Por ejemplo, cuando entrenamos modelos de Inteligencia Artificial con grandes conjuntos de datos, a menudo asumimos erróneamente que el futuro progresa como una extrapolación predecible del pasado, sin tener en cuenta los diversos factores externos que determinan el comportamiento, las reacciones y la toma de decisiones de los seres humanos. En el proceso, reproducimos y codificamos sesgos históricos, con lo que anulamos cualquier posibilidad de aprender de nuestros errores. Este tipo de errores, según Bridle, son consecuencia de nuestro intento por matizar la realidad para que encaje en el modelo inflexible de una computadora y por reducir de nuestros matices y contradicciones a meros datos. Si diseñáramos nuestros sistemas informáticos desde cero, tomando como modelo las formas en que la naturaleza procesa la información, quizá no necesitaríamos esforzarnos por hacer encajar un clavo en una tuerca.
Es una noción radical, pero no imposible. Los paradigmas computacionales no están tallados en piedra. En los años 50, los sistemas electrónicos analógicos eran el estándar, mientras que hoy vivimos en el mundo digital.
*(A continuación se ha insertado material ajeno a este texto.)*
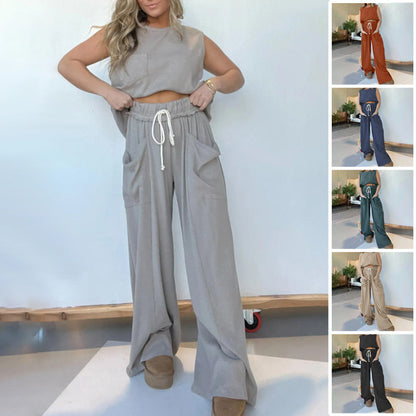 【✨2024 Produse noi】🧥&👖Noua femei fără mâneci Tank Top Wide Leg Sweatpants Set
Hace apenas 20 años, la computación cuántica era ciencia ficción, pero ahora está siendo desarrollada en Intel, IBM, Microsoft , Google y otros titanes de la tecnología mundial. Los sistemas biológicos podrían pasar por un proceso similar. “La computación no convencional es una ciencia en constante evolución”, señala Adamatzky. “Lo que es poco convencional hoy, mañana será el pan de cada día”.
Por supuesto, el mundo natural es más complejo que los mohos mucilaginosos y las plántulas de lechuga. Estos no son más que los sistemas más simples que se pueden estudiar y manipular en el entorno de un laboratorio. El mundo real — el mundo vivo — es imprevisible, tenaz y conmovedor, un humilde enredo de necesidad mutua. Lo que llamamos “naturaleza” es un concierto de comportamientos y procesos contemporáneos a los organismos que los ejecutan, cada uno de los cuales está conectado además a una multitud inimaginable de otros comportamientos y procesos, con lo que se crea un sistema sin fisuras, magnífico, que se autocorrige y se regenera.
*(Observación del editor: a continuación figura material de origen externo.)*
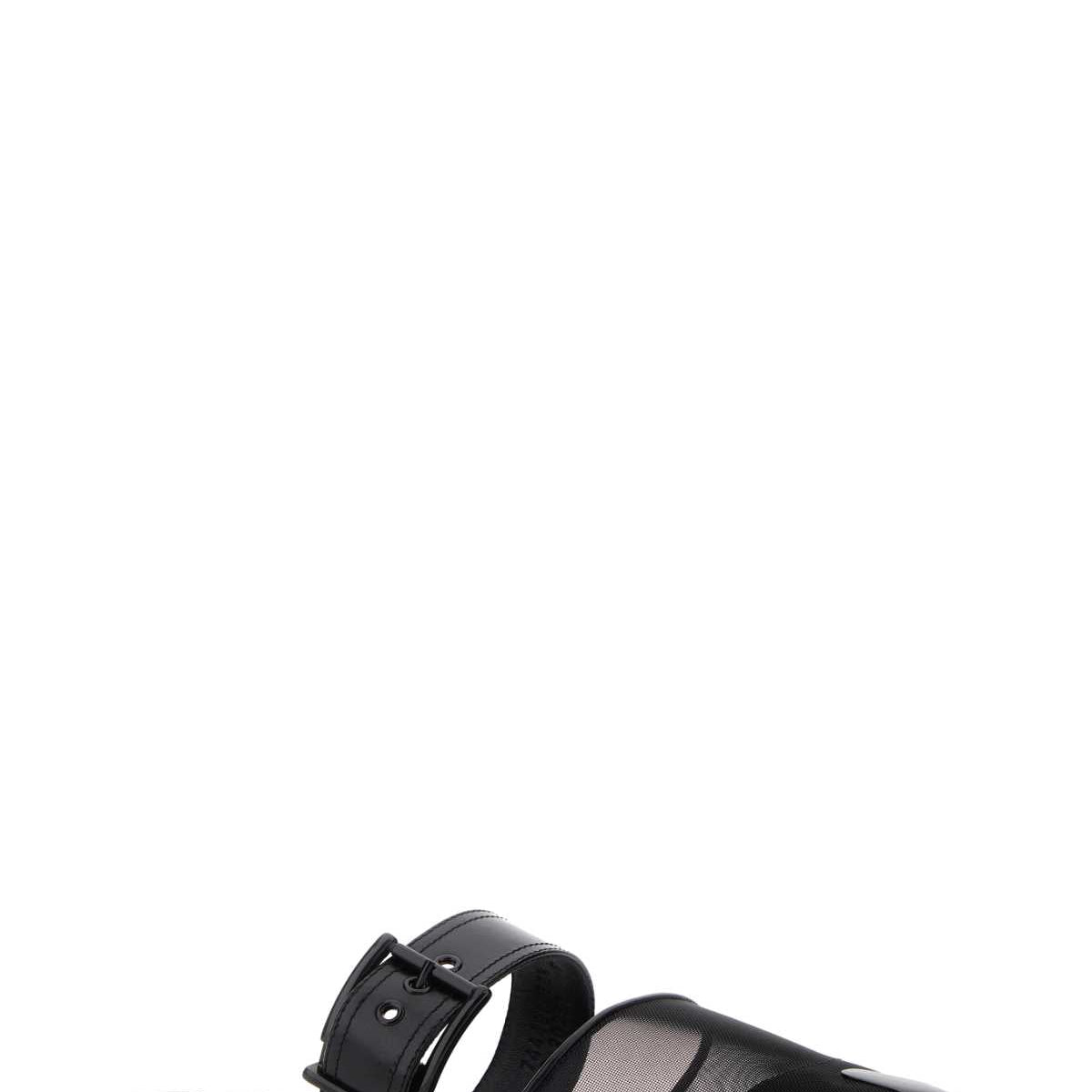 Alexander Mcqueen Women Black Mesh And Leather Punk Slippers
Es difícil imaginar que algún día construiremos un sistema computacional tan brillante y complejo como el tejido del micelio fúngico, las largas raíces de los árboles y los microorganismos del suelo de un bosque promedio, lo que, en alusión a las siglas www de la internet, los científicos denominan la wood wide web (“amplia red de madera”). Los dispositivos inteligentes, conectados entre sí a través de servidores situados en la nube, son vulnerables a los ciberataques y a la simple y llana entropía, y nunca podrían hacer algo así. Tal vez esta es la verdadera razón por la que las computadoras biológicas podrían estar fuera de nuestro alcance para siempre. Incluso ahora, mientras soñamos con integrar la inteligencia artificial a las superficies materiales de nuestras vidas, en el mejor de los casos estamos apenas emulando sin mucho éxito procesos que ya están ocurriendo bajo nuestros pies y en nuestros jardines. Estamos haciendo una mala copia de la Tierra y, al extraer sus recursos para crearla, estamos destruyendo la original.